Но как-то перед самым праздником зашел к Уточке гость, молоденький солдатик в значках на всю грудь и кожаных перчатках, хотя на дворе было уже тепло и солнечно. Весело поздоровавшись от порога, гость какую-то минуту молчал, наверно, осматривался, потом уже не так браво спросил:
— Тут живет Ганна Кошкалда?
— Тут, сынок, тут, — заволновалась Уточка, узнав знакомый армейский запах, сразу заполнивший хату. — Проходи поближе, садись.
Солдат осторожно скрипнул лавкой.
— Я, бабуся, от вашего сына Мусия Прокоповича. Привет вам привез, — сказал и коротко, неумело вздохнул. — А еще вот гостинцы тут, бабуся.
— А… сам же он, Мусий, — тихо спросила Уточка, — почему же он сам не прискочил?
— Ему, бабуся, сейчас никак нельзя. Праздники подходят, а он в нашем полковом оркестре первая труба.
— Вот как… — то ли удивилась, то ли смутилась Уточка и долго потом молчала.
Когда же почувствовала, что гостю, наверно, неудобно сидеть вот так молча, спросила:
— А кем же Грицко, младший, числится? Не слыхали?
— Он уже давно демобилизовался, — охотно пояснил солдат, — и сейчас работает в охране где-то на заводе, — точно не скажу где…
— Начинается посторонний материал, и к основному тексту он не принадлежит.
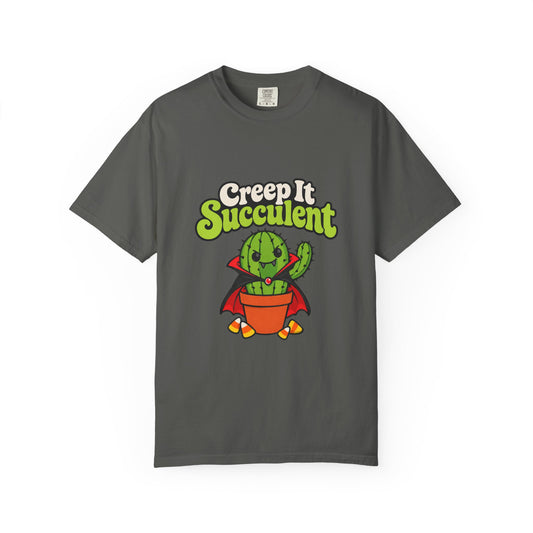 Creep It Succulent Shirt Funny Halloween Plant Lover Tee, Cute Spooky Season Succulent Shirt, Gift for Plant Moms and Plant Dads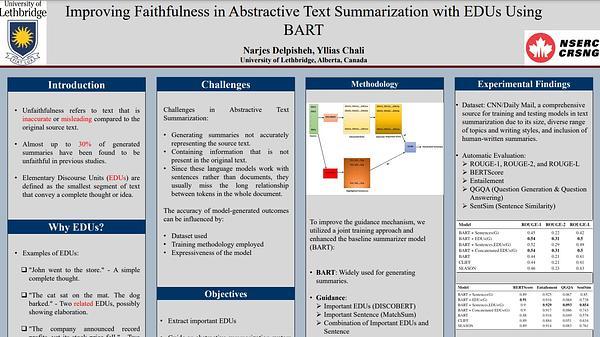 Improving Faithfulness in Abstractive Text Summarization with EDUs Using BART (Student Abstract)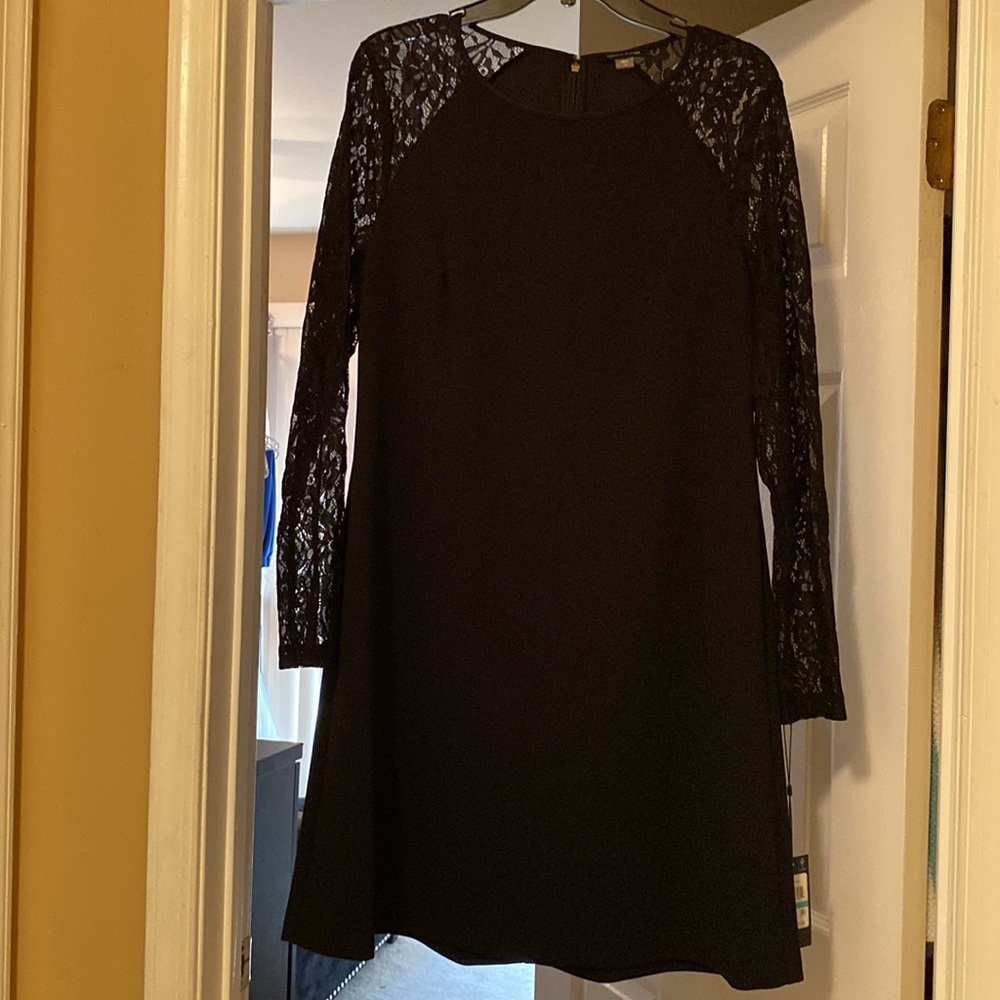 Beautiful black dress.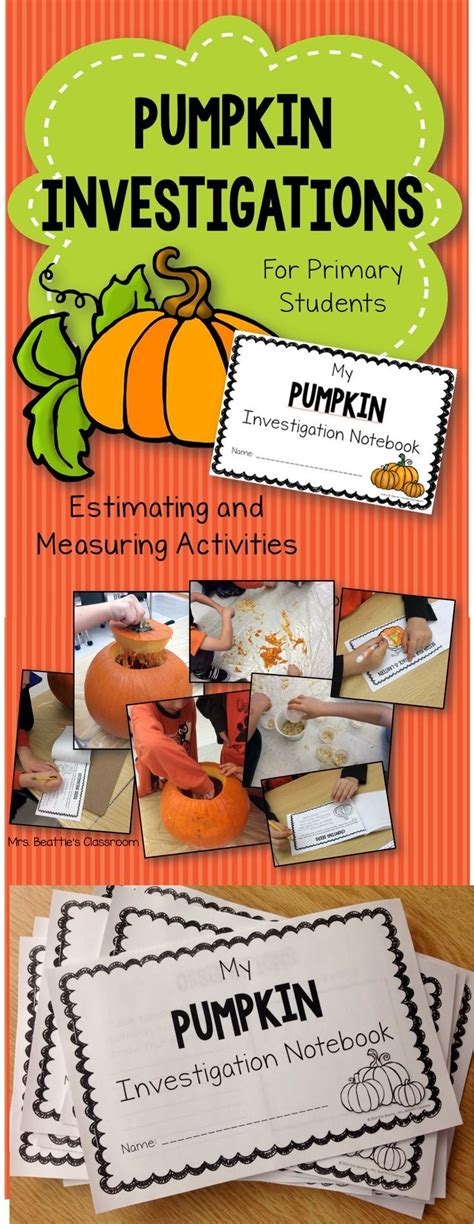 Estimating And Measuring In Pumpkin Math Activities Preschool Pumpkin Math Activities - Preschool Pumpkin Math Activities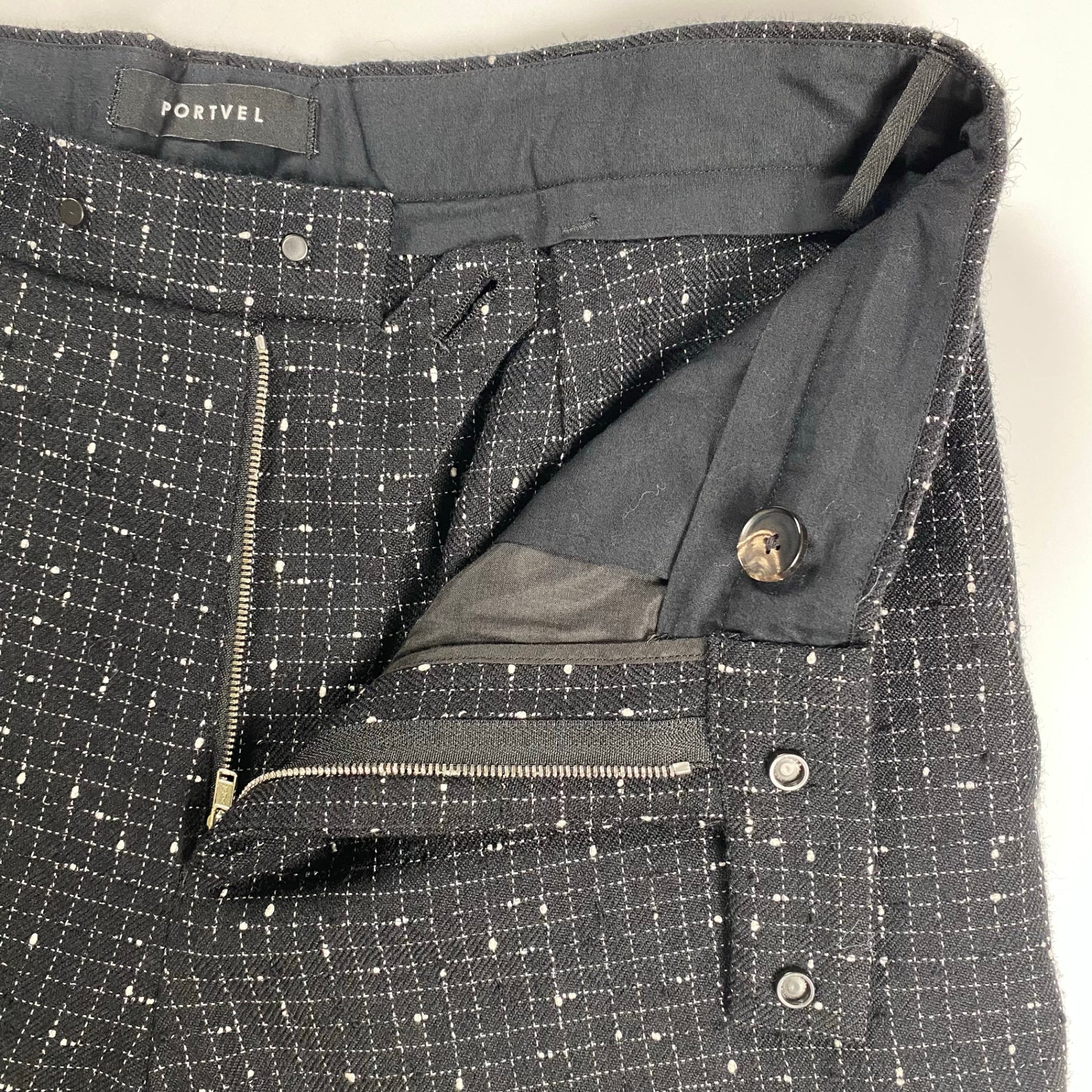 PORTVEL ポートヴェル / SLACKS REFLECTOR TWEED スラックス パンツ 参考定価：35,000+tax SIZE：1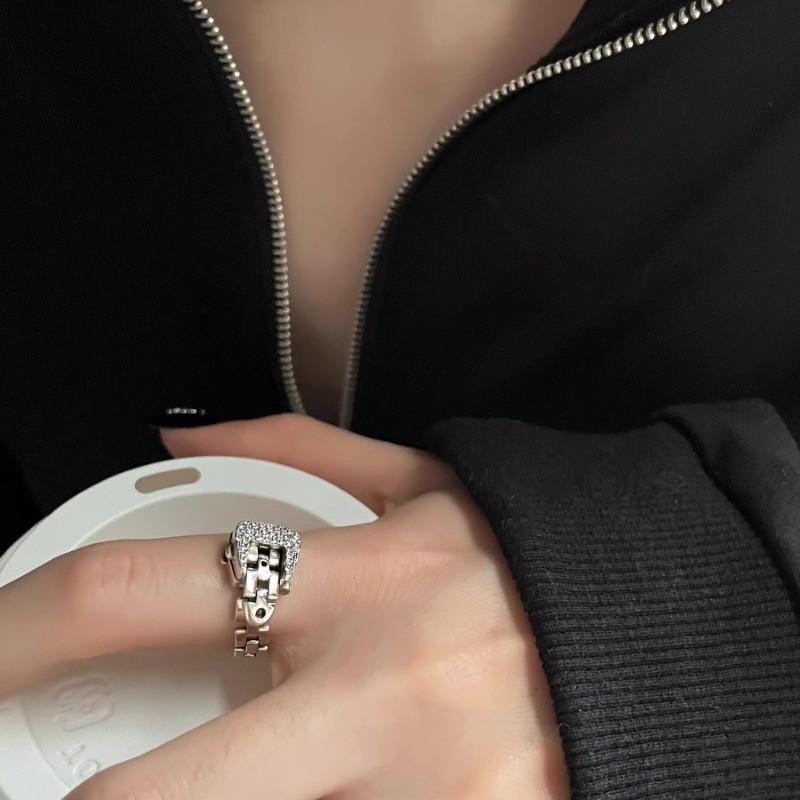 Copper Modern Ring With Full Rhinestones For Women Perfect For Casual And Wear Formal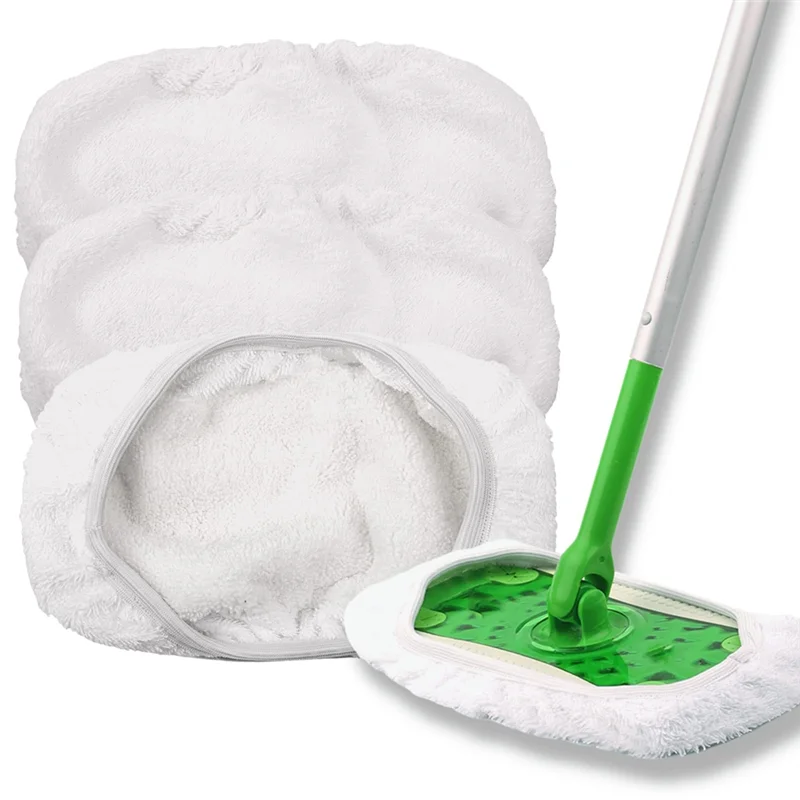 AA01-4 шт. хлопковая накладка для швабры, многоразовая для Swiffer, подметальная машина, швабра для влажной и сухой швабры, моющиеся сменные насадки для подметальной машины, чехлы для пылевой швабры, детали 
AA01-4 шт. хлопковая накладка для швабры, многоразовая для Swiffer, подметальная машина, швабра для влажной и сухой швабры, моющиеся сменные насадки для подметальной машины, чехлы для пылевой швабры, детали
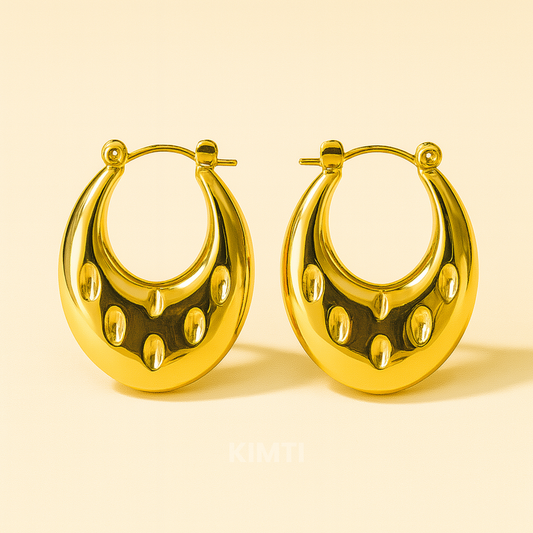 18K Gold Plated Lucy Hoop Anti Tarnish Earring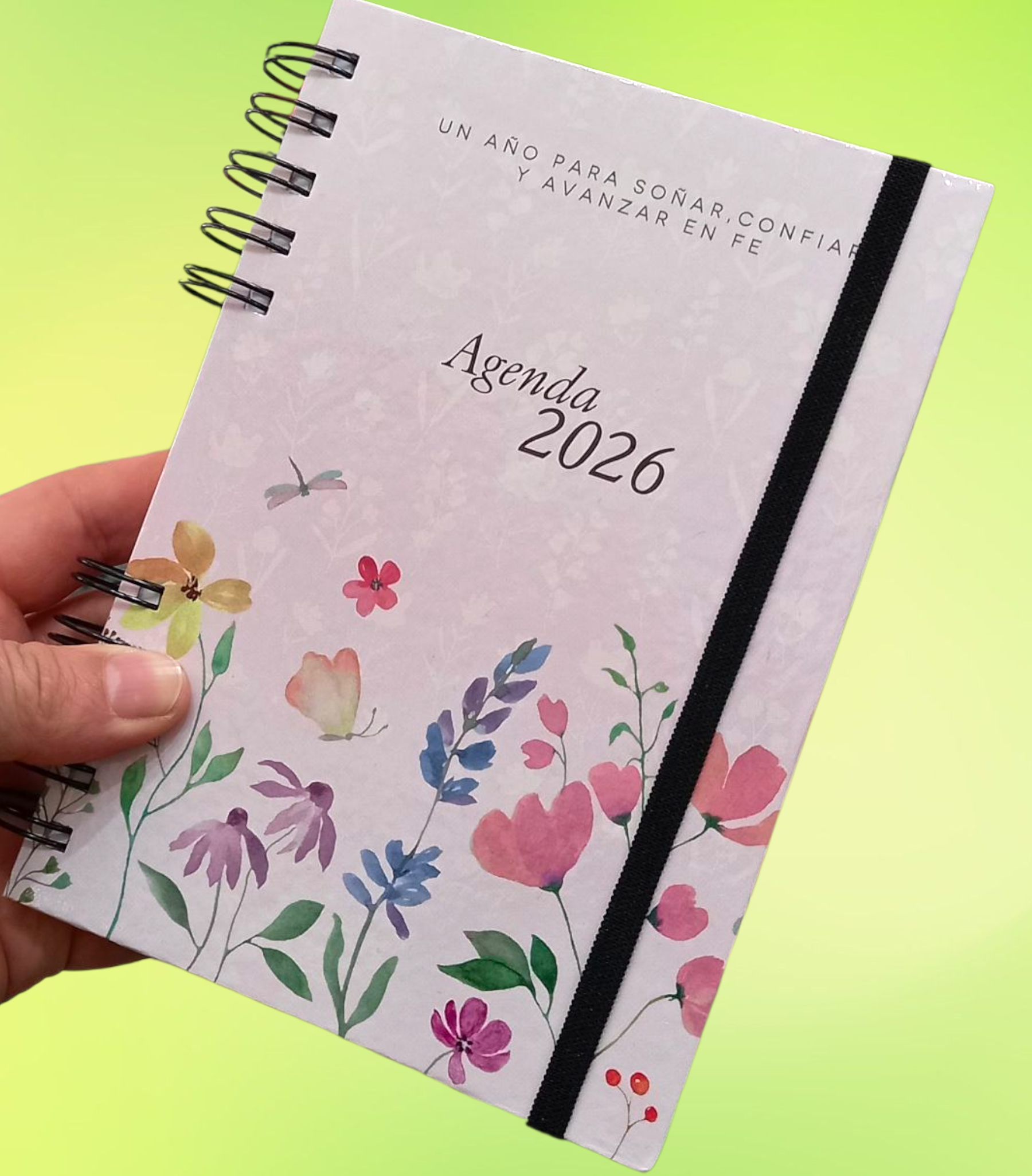 Miniatura 2 de Agenda 2026 tapa dura con elastico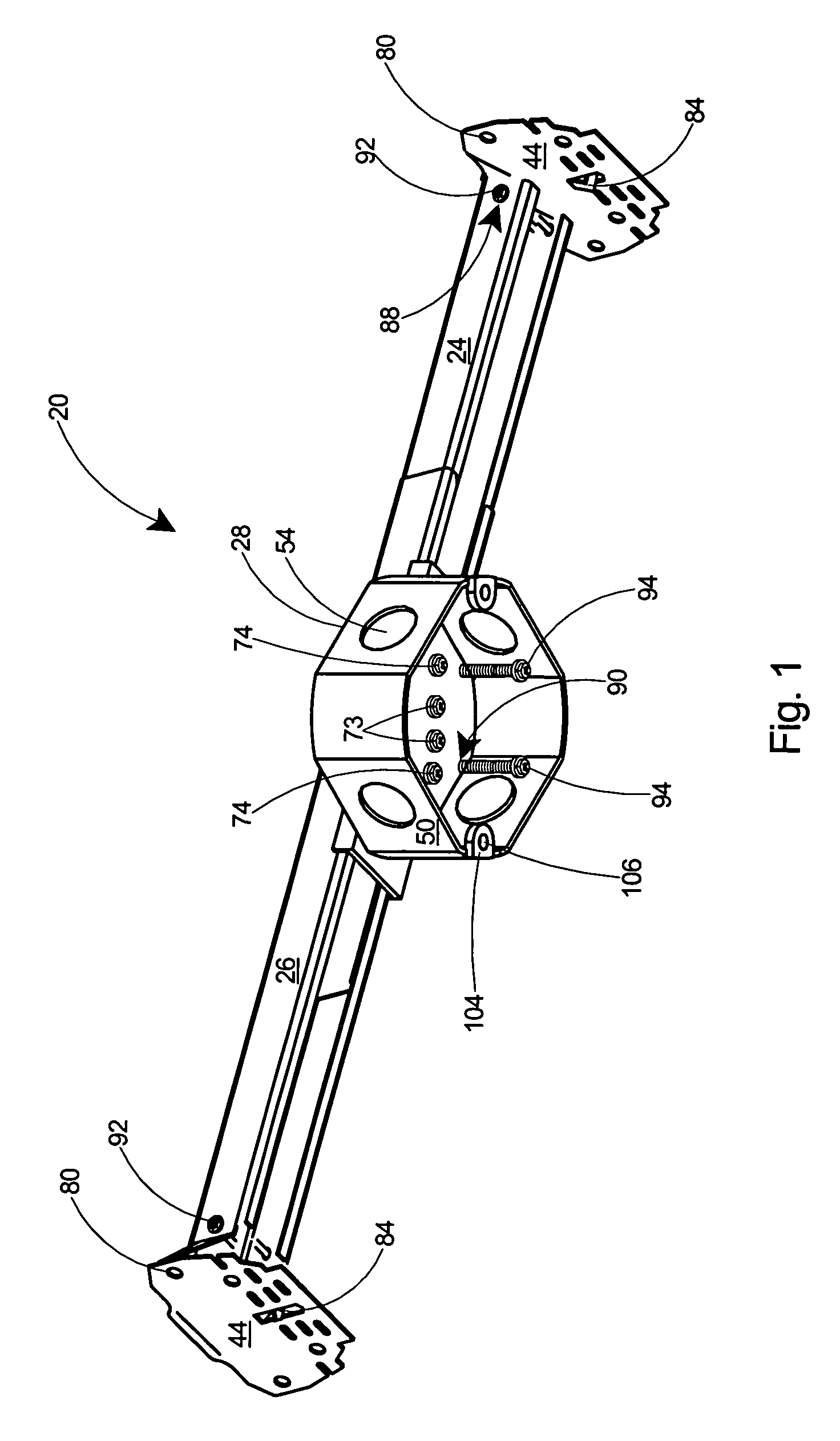 Electrical box mounting assembly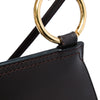Burberry Large Leather and Haymarket Check Coated Canvas Bridle Saddle Bag Secondhand
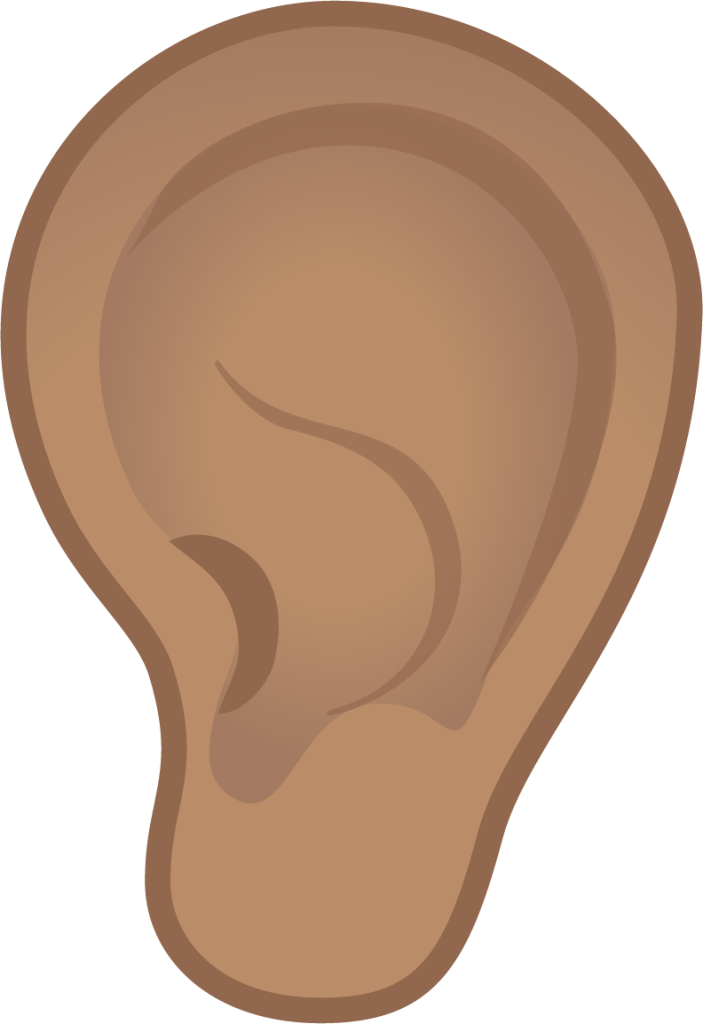 ear: medium skin tone emoji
Потом солдат ушел. А Уточка еще долго сидела одиноко в полутемной хате и впервые за много лет почувствовала, что все ее тело наливается какой-то незнакомой до сих пор усталостью и как бы застывает.
Но вот наконец солнце добралось до окон, ласково пощекотало старой щеку, согрело темные прожилки на руках и спряталось за речкой, поставив над Княжьей слободою высокий багровый столб.
ОБНОВКА
Купаюсь в реке между кувшинками, где вода почище, Ряска щекочет, гусиные перья плавают у берега, на мелководье, — вода там горячая и мягкая, как дождевая, — а по мосту люди идут, с базара. Малышня кричит им с реки:
— Тетя, а тетя! Дайте гостинца!
Дядек не трогают, потому что они сердитые да и не из нашего села, а из Опошни — у нас их называют горшечниками. Везут фурами горшки, переложенные сеном, не распродали, потому и трезвые все, и неразговорчивые…
Идут люди и идут, толпами и в одиночку — молча, не наторговали. Качается под их ногами утленький мостик — летом он всегда качается, а зимой нет — сваи обмерзают до самого дна.
А вот и мама показалась на том конце плотины. Жакетик на ней серенький в полоску, платок, сапоги, юбка — все старое, а кошелка новая, желтая, из рогожи.
— Мама, мама! — зову, подплывая к мосту. — Чего накупила?
Она остановилась, кошелку у ног поставила, улыбается невесело.
— Да ничего особенного, — говорит. — Кошелку вот и калоши тебе. Одевайся, пойдем домой обедать да примеришь.
Плыву саженками к берегу — это меня отец, когда еще живой был, саженками научил плавать, — хватаюсь руками за теплые косы чернотала и выбираюсь на кручу. Потом быстренько одеваюсь.